## What you are asked to do
The answer must be an exact copy of the lines from the one containing "Starbucks K-Cup Coffee" through the end of the records, with the pictures left out.
----------------------------------------
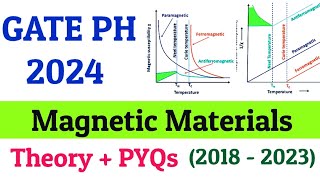 GATE 2024 Physics Dia Para Ferro Antiferro Theory and PYQs [upl. by Supple227]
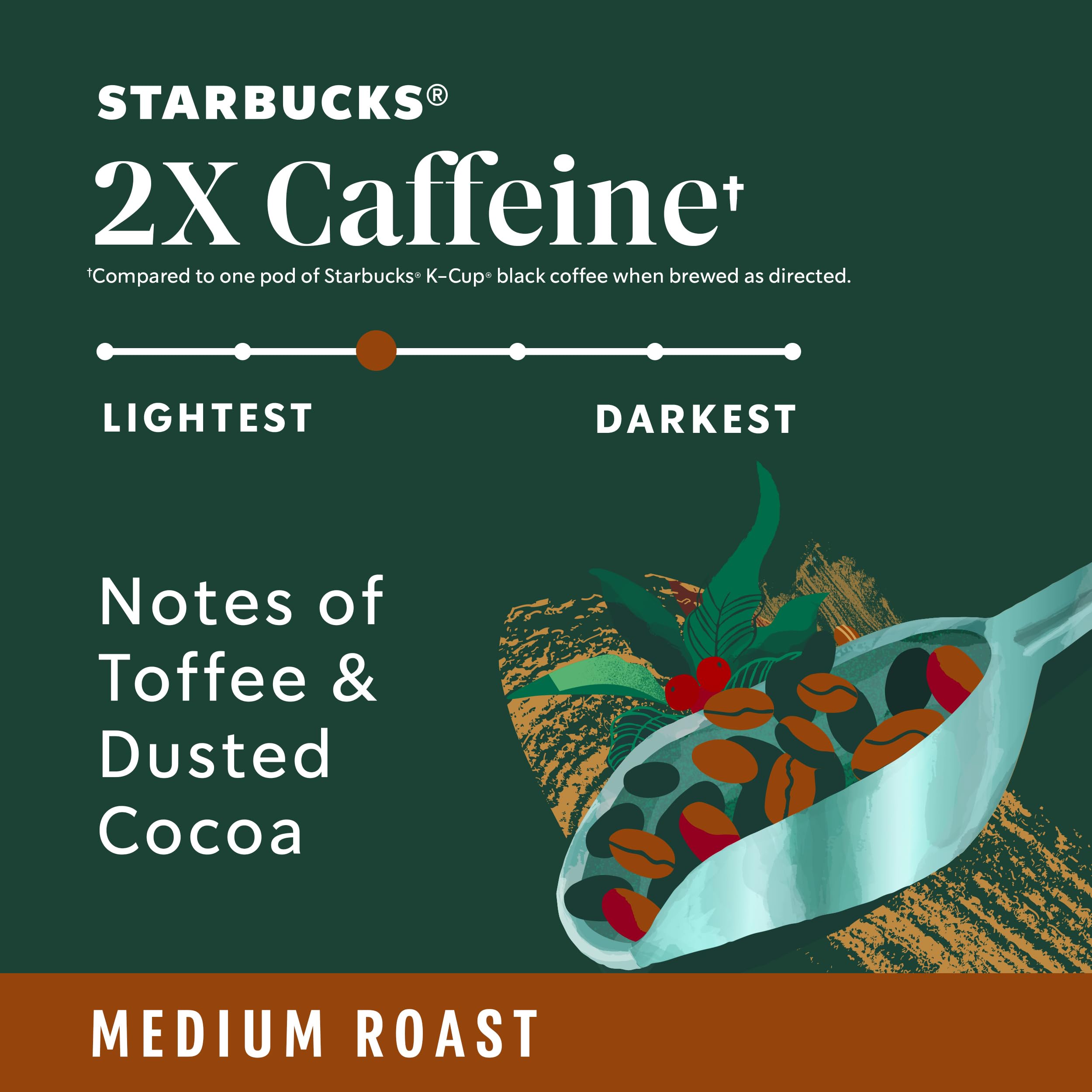 Starbucks K-Cup Coffee Pods, Medium Roast Hot or Iced Coffee, Pike Place Roast, 96 Keurig Pods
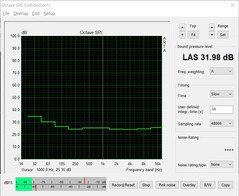 Noise emissions (stress test: FurMark+Prime95)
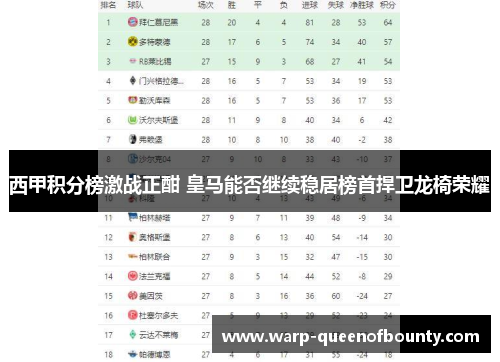 西甲积分榜激战正酣 皇马能否继续稳居榜首捍卫龙椅荣耀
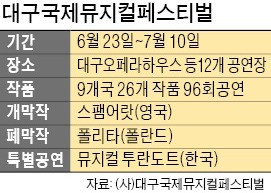 만원으로 즐기는 대구뮤지컬페스티벌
----------------------------------------
## Written solution
 Starbucks K-Cup Coffee Pods, Medium Roast Hot or Iced Coffee, Pike Place Roast, 96 Keurig Pods
 Noise emissions (stress test: FurMark+Prime95)
 西甲积分榜激战正酣 皇马能否继续稳居榜首捍卫龙椅荣耀
 만원으로 즐기는 대구뮤지컬페스티벌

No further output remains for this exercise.